- [Activity]:
When you reach the line holding "Βγήκε από το", please begin to restate the lines word for word and continue through the last one in the material, excluding pictures.

- [Exercise material]:

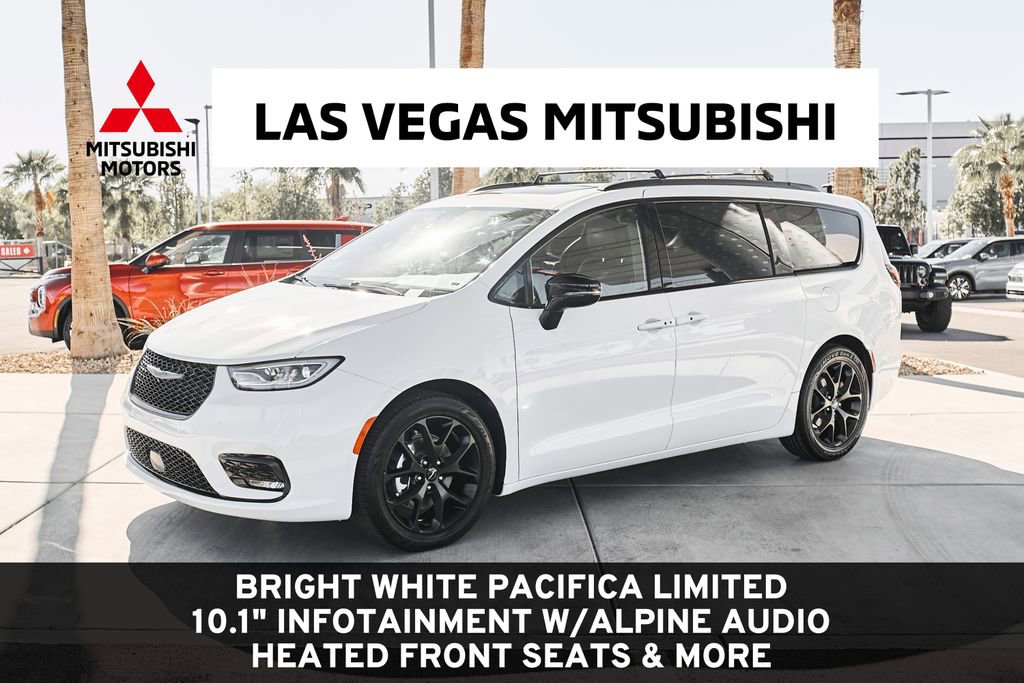 Used 2025 Chrysler Pacifica Limited image 1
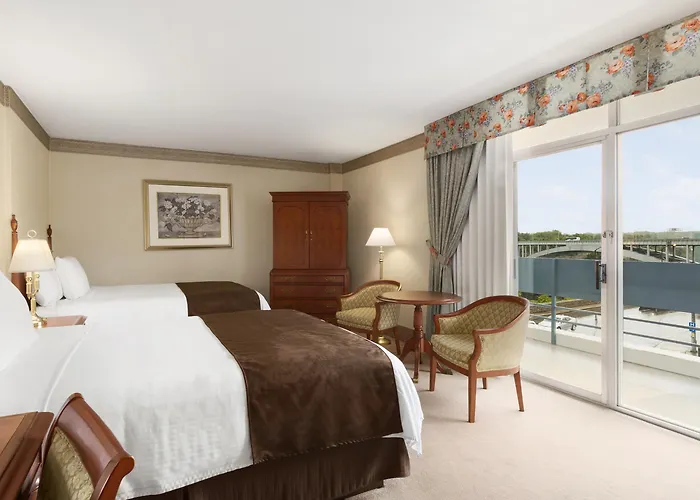 Travelodge By Wyndham Niagara Falls Fallsview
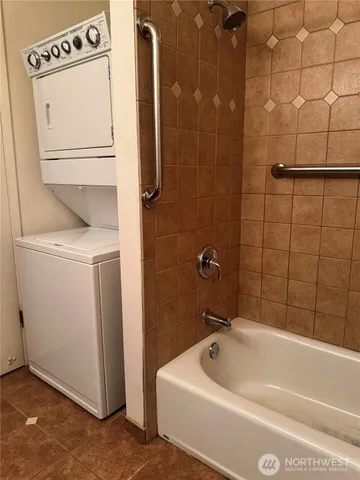 $1,275,000 | 259 South 156th Street, Unit 14, Burien, WA 98148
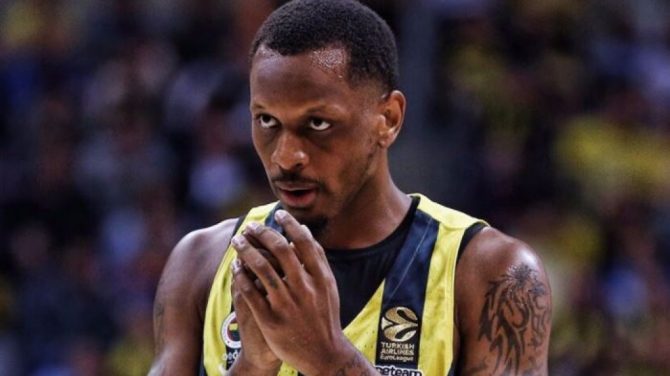 Βγήκε από το νοσοκομείο ο Νάναλι, νοκ-άουτ για ένα μήνα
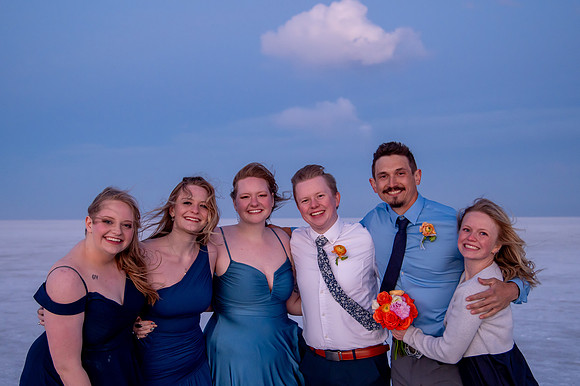 Heather Ohman & Chad Winget’s Windswept Wedding Adventure at the Utah Salt Flats021386
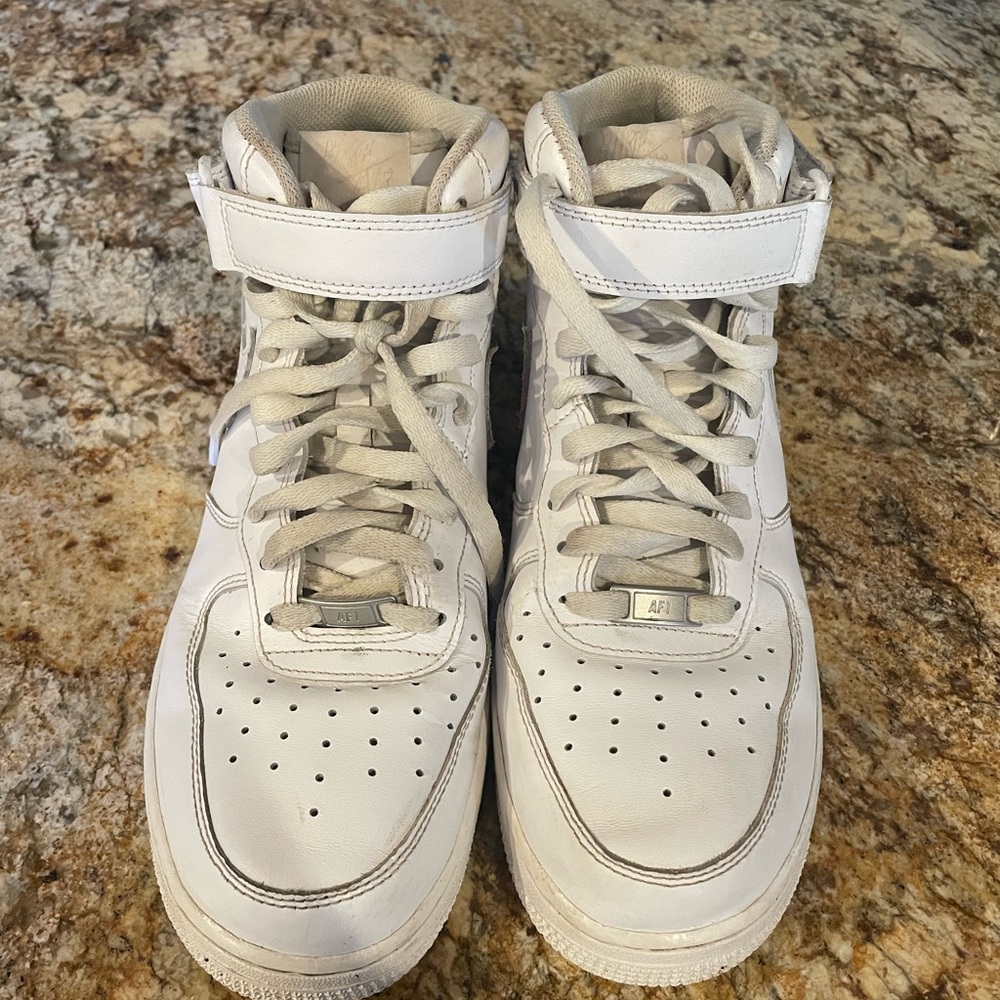 Men’s Nike Air Force Mid sneakers - Picture 6 of 8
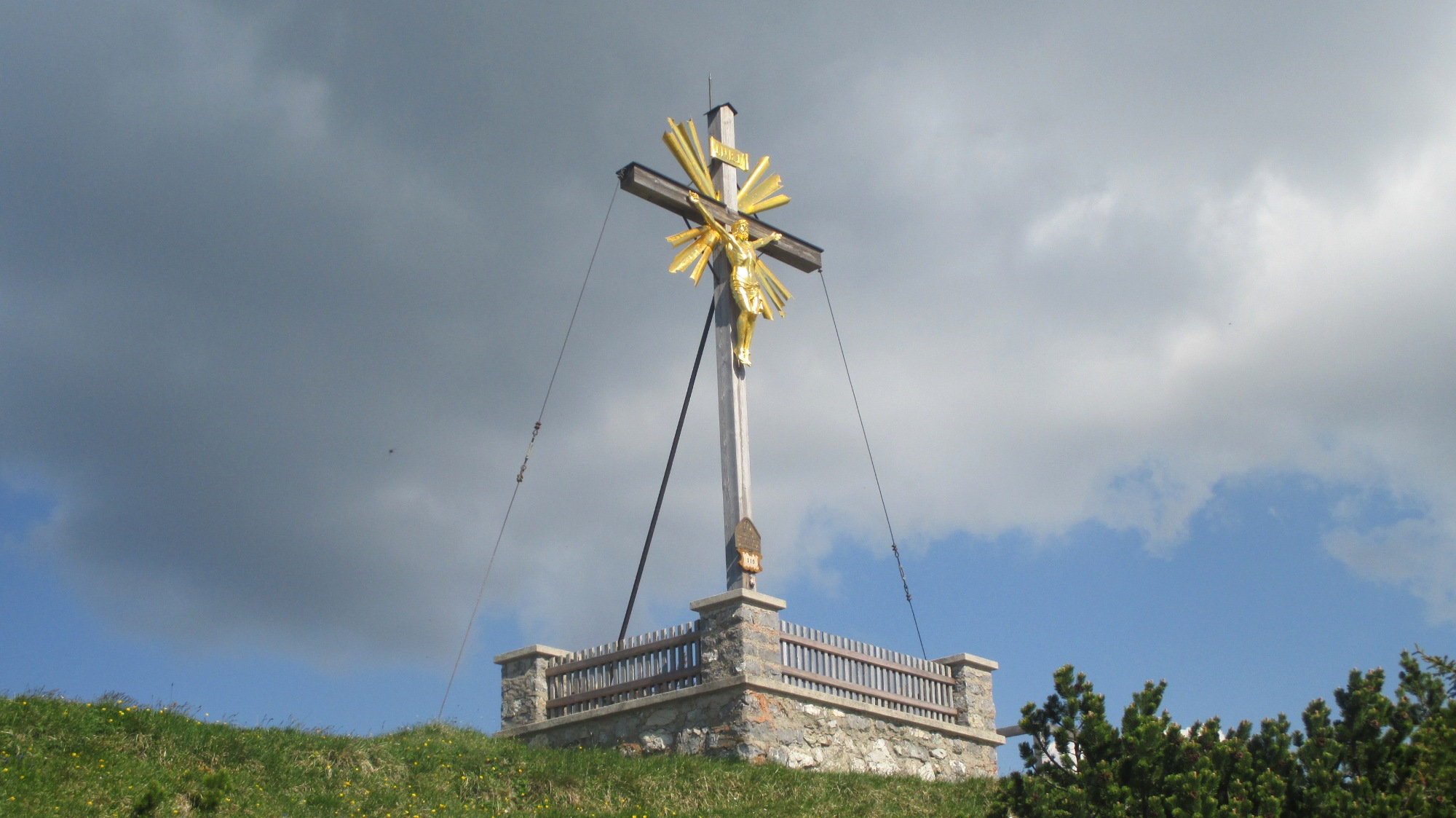Das Gipfelkreuz des Wank im Estergebirge.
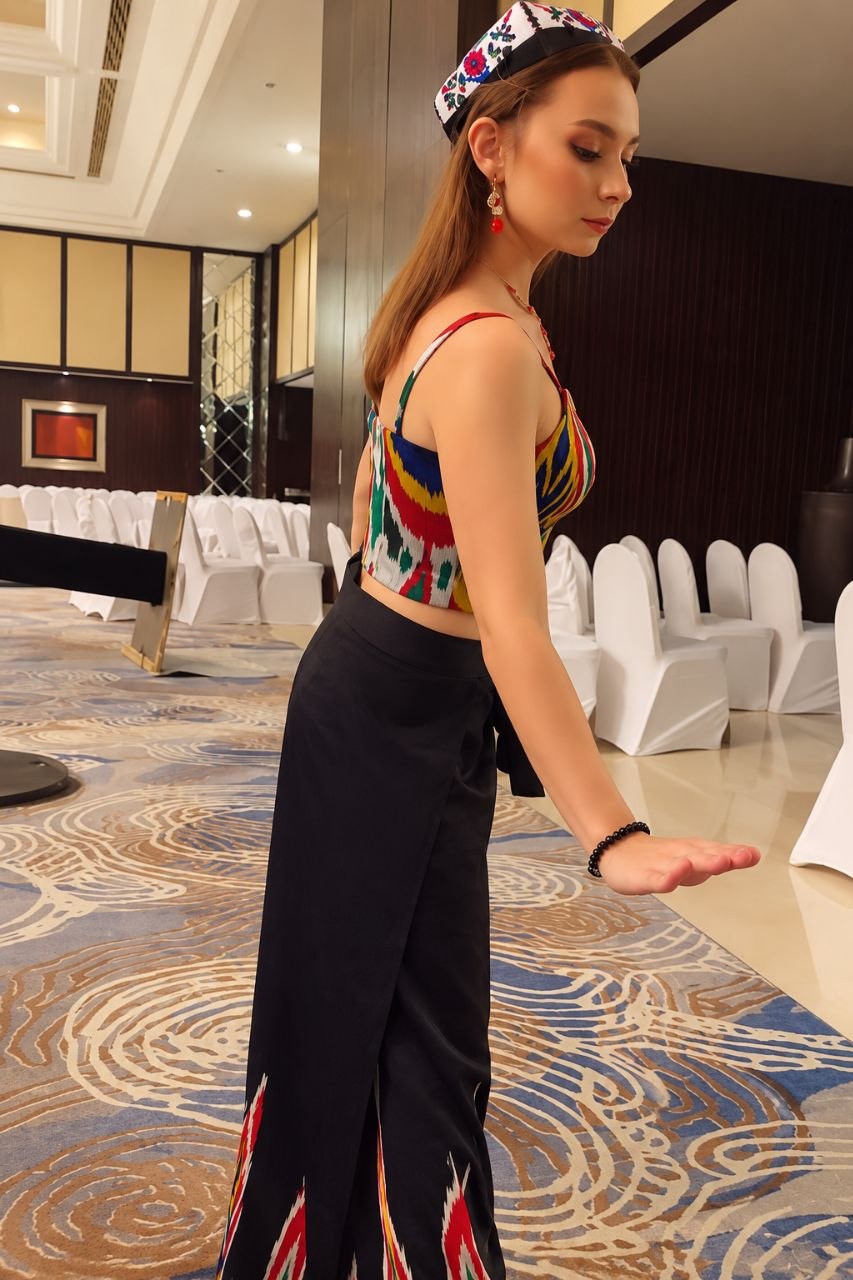 The Art of Uzbek Dance Dovra: Rhythm, Grace, and the Costume That Moves With You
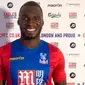 Christian Benteke resmi pindah dari Liverpool ke Crystal Palace pada Sabtu (20/8/2016). (dok. Crystal Palace)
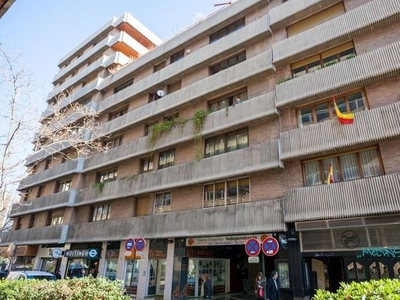 Venta de piso en calle De Marceliano Isábal de 5 habitaciones con garaje y aire acondicionado
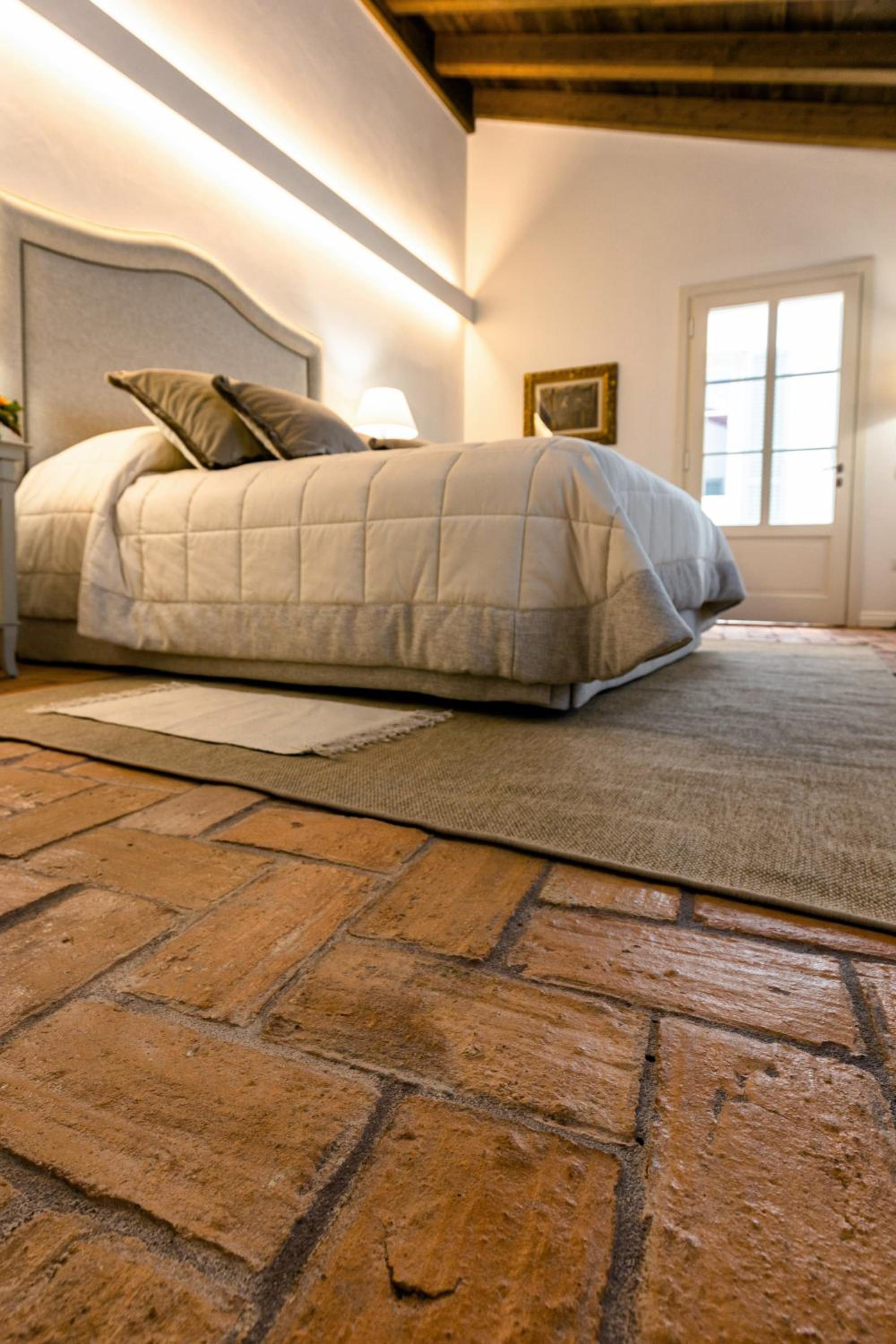 Large Double Room - Photo 6
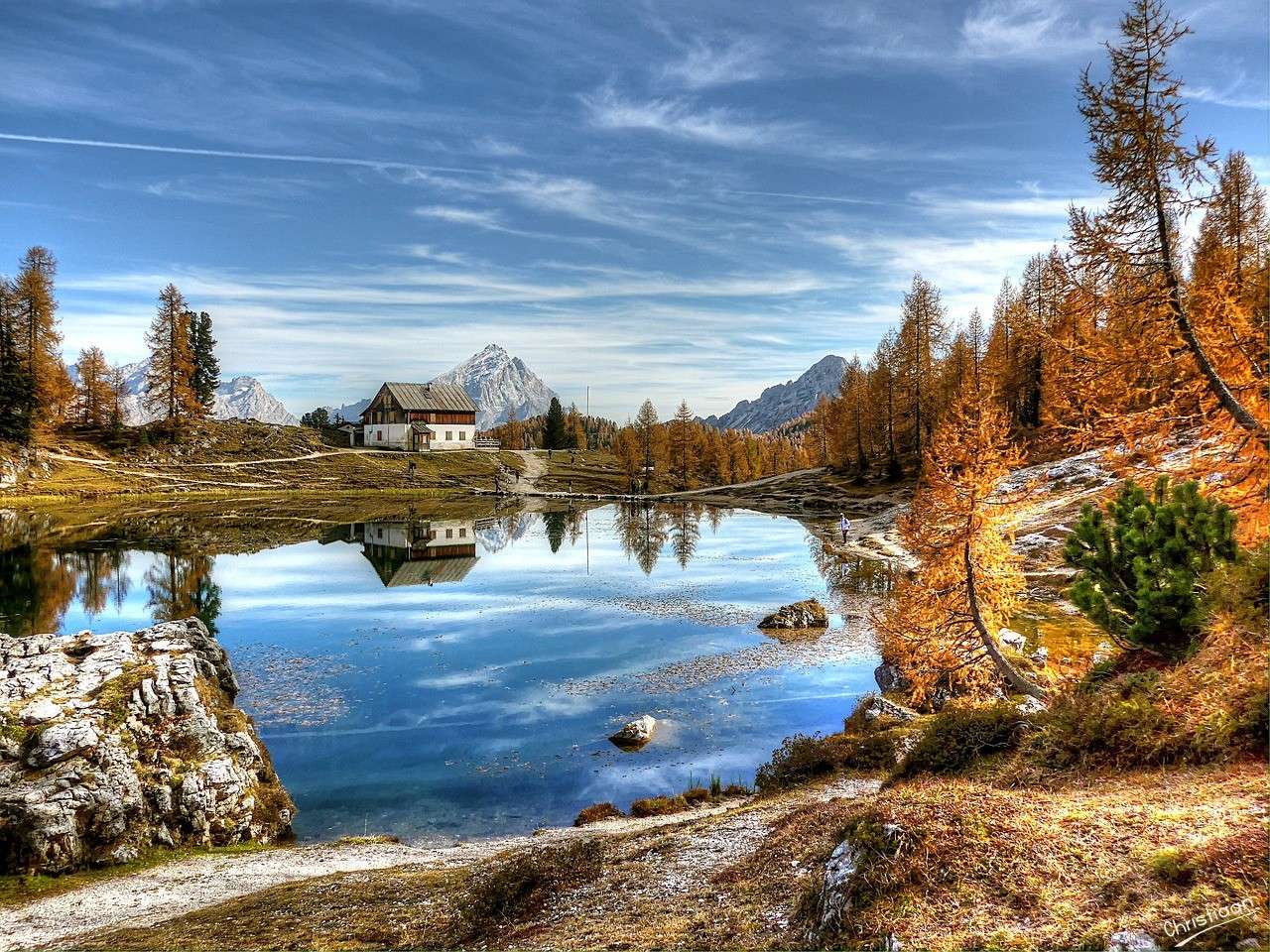 Lake Federa, Dolomiterna, berg. Pussel online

- [Solved exercise]:
 Βγήκε από το νοσοκομείο ο Νάναλι, νοκ-άουτ για ένα μήνα
 Heather Ohman & Chad Winget’s Windswept Wedding Adventure at the Utah Salt Flats021386
 Men’s Nike Air Force Mid sneakers - Picture 6 of 8
Das Gipfelkreuz des Wank im Estergebirge.
 The Art of Uzbek Dance Dovra: Rhythm, Grace, and the Costume That Moves With You
 Christian Benteke resmi pindah dari Liverpool ke Crystal Palace pada Sabtu (20/8/2016). (dok. Crystal Palace)
 Venta de piso en calle De Marceliano Isábal de 5 habitaciones con garaje y aire acondicionado
 Large Double Room - Photo 6
 Lake Federa, Dolomiterna, berg. Pussel online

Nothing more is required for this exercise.